EXERCISE PROMPT —
In this exercise, the entries below include pictures. Repeat exactly the lines from the line with "Beyond the translational" to the line with "However, the AR", including both, but without the pictures.

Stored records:
:::

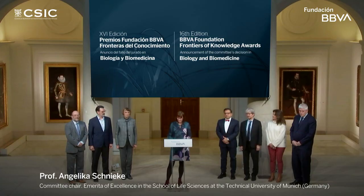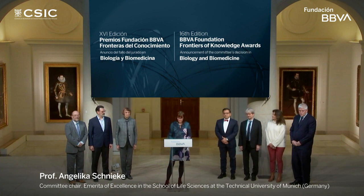Franz Ulrich Hartl and Arthur Horwich discovered the first cellular pathway that instructs protein folding, which includes the discovery of the HSP-60 chaperone. When this process fails or the protein synthesis machinery overloads the chaperone pool, cells have a mechanism that targets misfolded proteins for degradation. This process, known as the unfolded protein response, was discovered by Katsutoshi Mori and Peter Walter.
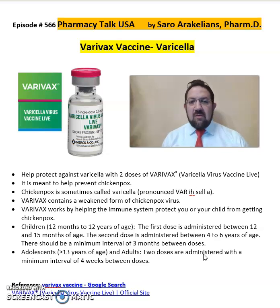As you can see in the image, the Varivax vaccine includes two dosages and is meant to prevent chickenpox. It contains a weakened form of the chickenpox virus. For children 12 months to 12 years old, the first dose is between 12 and 15 months, the second dose between 4 to 6 years, with a minimum of 3 months between dosages. For adolescents 13 years and older and adults, it is again two dosages with a minimum interval of 4 weeks between the dosages.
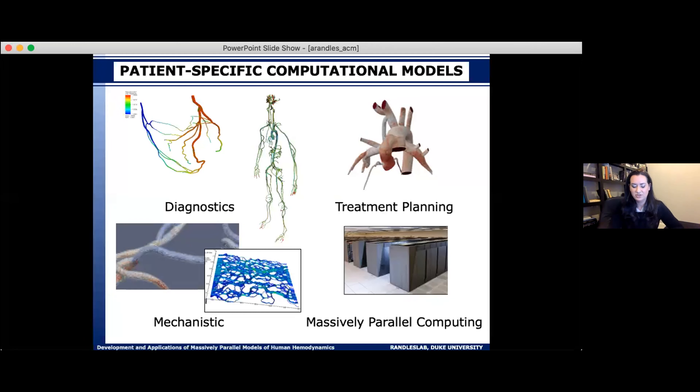Beyond the translational side, we use large-scale models to better understand mechanisms driving disease progression and localization. For example, we're looking at questions like why specific circulating tumor cells metastasize to certain locations, what drives their interactions with the endothelium, and why we see certain metastatic sites over others. From the computing end, we're excited about how to use the biggest supercomputers efficiently, what role cloud computing can play, and how to balance those approaches going forward.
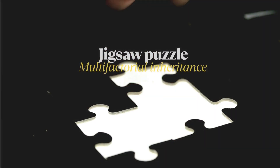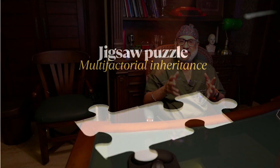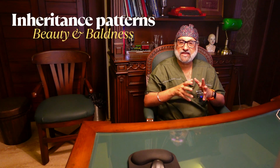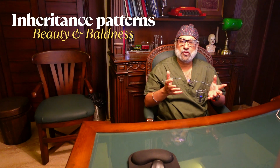However, the AR gene is just one piece of the jigsaw puzzle, as many other genes contribute to the manifestation of male pattern baldness. Studies have indicated the heritability of male pattern baldness to be approximately 80%, underscoring the significant genetic contribution to this trait.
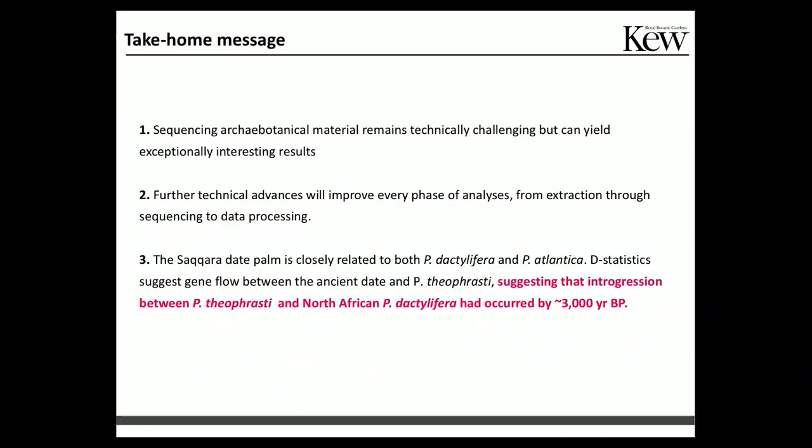To conclude, I hope I convinced you that sequencing archaeological material is still challenging, but if you are successful the insights you can gain are really powerful, as we also saw from the presentation of Professor Renner. There are still technical challenges to be addressed, from DNA extraction protocols to sequencing data and analysis, that need to be improved. The Saqqara date palm is more closely related to dactylifera and atlantica than to theophrasti and sylvestris, but at least one small part of the genome of this sample belongs to theophrasti — putting a temporal context on this hybridization event.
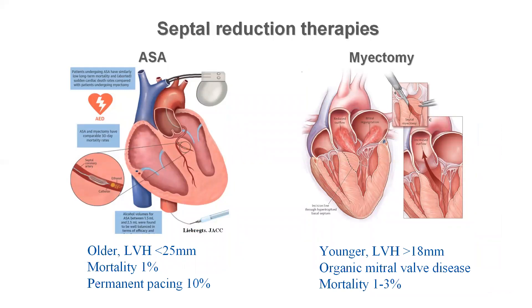Both procedures have the same level of recommendation in the European guidelines. Surgical myectomy is preferred in younger patients, very thick septum, or when the mitral valve needs repair. Alcohol septal ablation can be safely performed in less severe hypertrophic patients. Both procedures can be performed in experienced hands, but surgical myectomy requires a higher level of expertise. The rate of severe complications and death can be as low as 1 to 3%. Surgery has a higher mortality, and alcohol ablation is associated with a higher proportion of need for permanent pacemaker due to AV block.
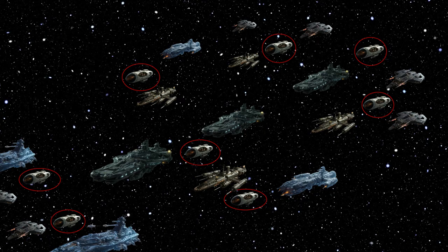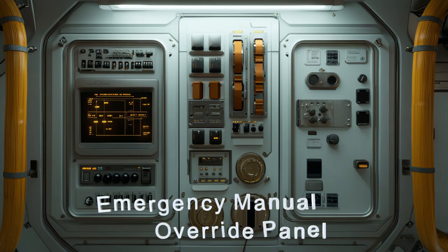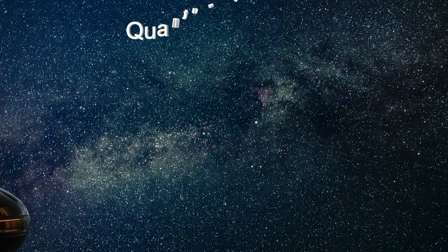Its energy storage cells and AI-driven adaptive quantum shielding ensure it can defend itself and the other ships in its charge against any threat. Stay tuned as we dive deeper into the incredible features of this extraordinary spacecraft. Witness the marvels of the Quantum Guardian.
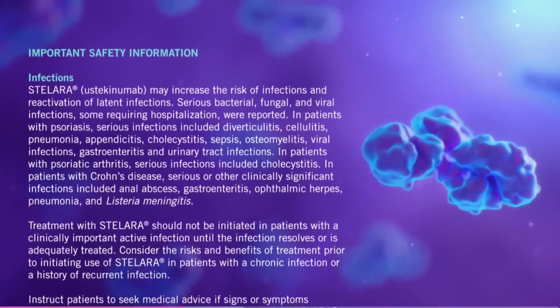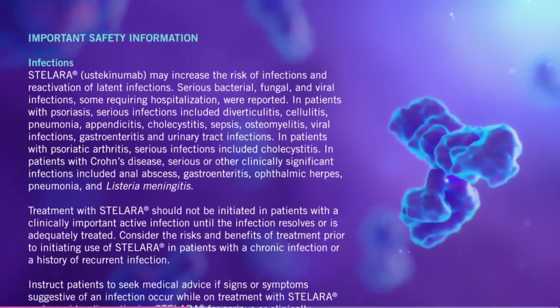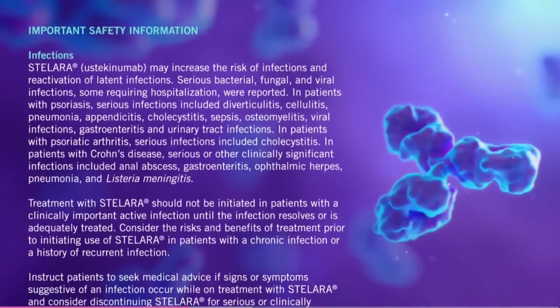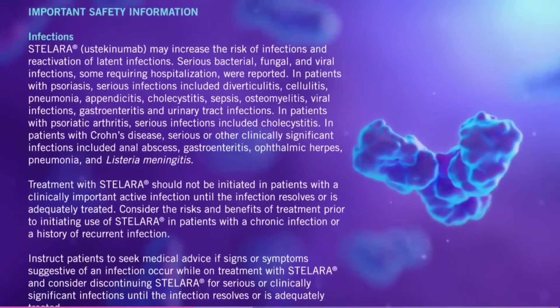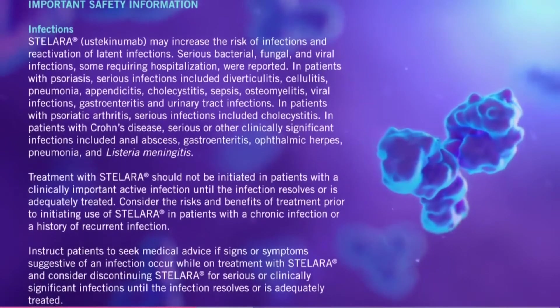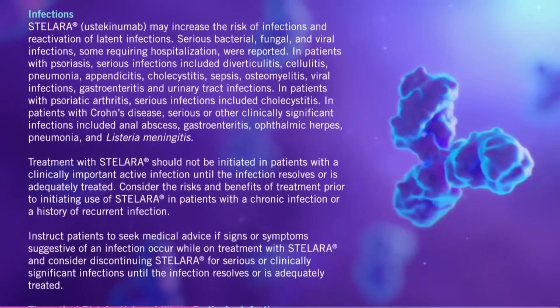In patients with psoriasis, serious infections included diverticulitis, cellulitis, pneumonia, appendicitis, cholecystitis, sepsis, osteomyelitis, viral infections, gastroenteritis, and urinary tract infections. In patients with psoriatic arthritis, serious infections included cholecystitis.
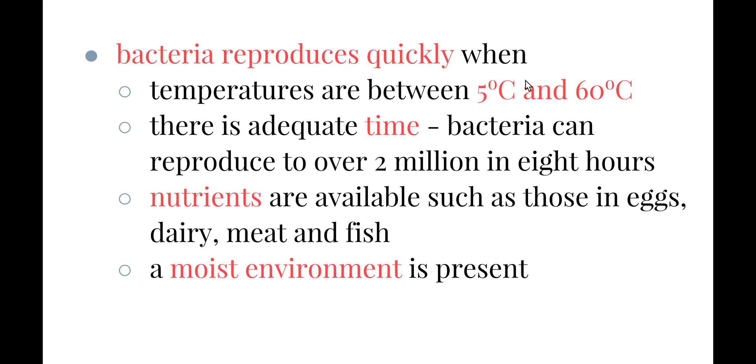When temperatures are between 5 degrees Celsius and 60 degrees Celsius, bacteria can reproduce extremely quickly. That's why food needs to be stored below 4 degrees Celsius in a refrigerator, and when it is cooked, we need to make sure the temperature has risen above 60 degrees Celsius throughout the whole food in order to get rid of that bacteria.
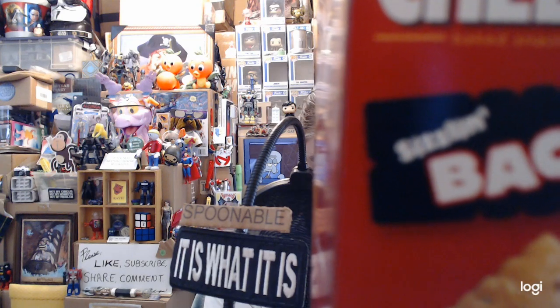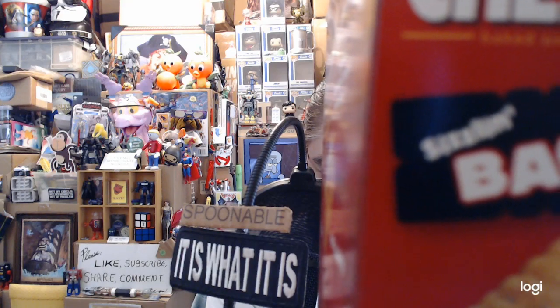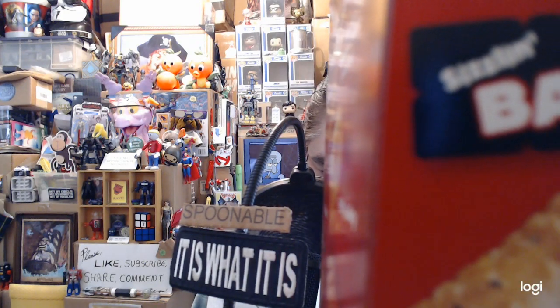White cheddar cheese — milk, cheese culture, salt, enzymes. Contains 2% or less of maltodextrin, salt, monosodium glutamate, yeast, garlic powder, onion powder, yeast extract, spice, baking soda, citric acid. Disodium inosinate, disodium guanylate, natural flavors including natural hickory smoke flavor.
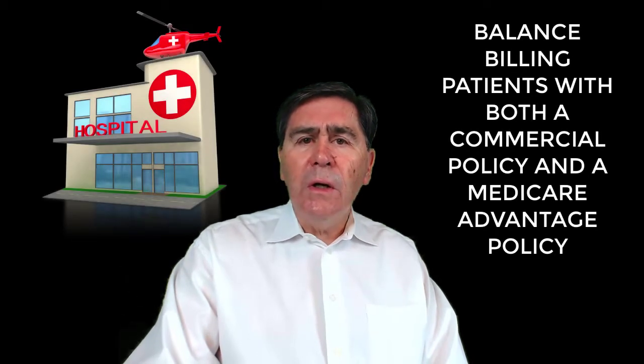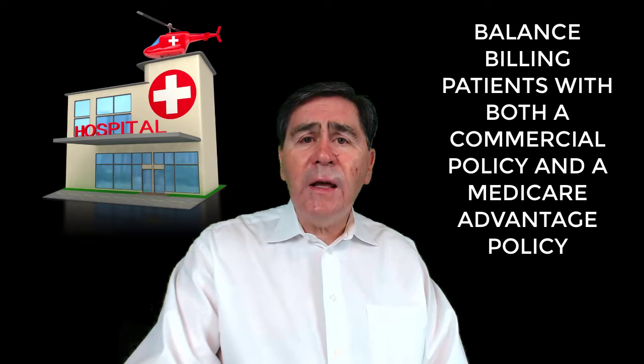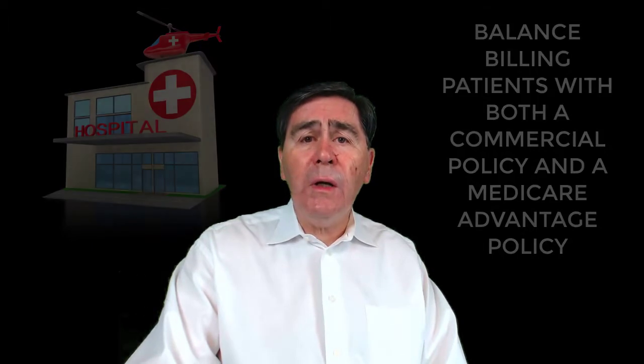Hi! Recently, I have encountered an increase in the number of large hospital systems balance billing individuals who have both a commercial policy and a Medicare Advantage policy. They seem to think that they can balance bill these patients with impunity. I am highlighting this today so that patients are not taken advantage of and institutions do not place themselves in jeopardy for balance billing.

:::

EXERCISE ANSWER —
Beyond the translational side, we use large-scale models to better understand mechanisms driving disease progression and localization. For example, we're looking at questions like why specific circulating tumor cells metastasize to certain locations, what drives their interactions with the endothelium, and why we see certain metastatic sites over others. From the computing end, we're excited about how to use the biggest supercomputers efficiently, what role cloud computing can play, and how to balance those approaches going forward.
However, the AR gene is just one piece of the jigsaw puzzle, as many other genes contribute to the manifestation of male pattern baldness. Studies have indicated the heritability of male pattern baldness to be approximately 80%, underscoring the significant genetic contribution to this trait.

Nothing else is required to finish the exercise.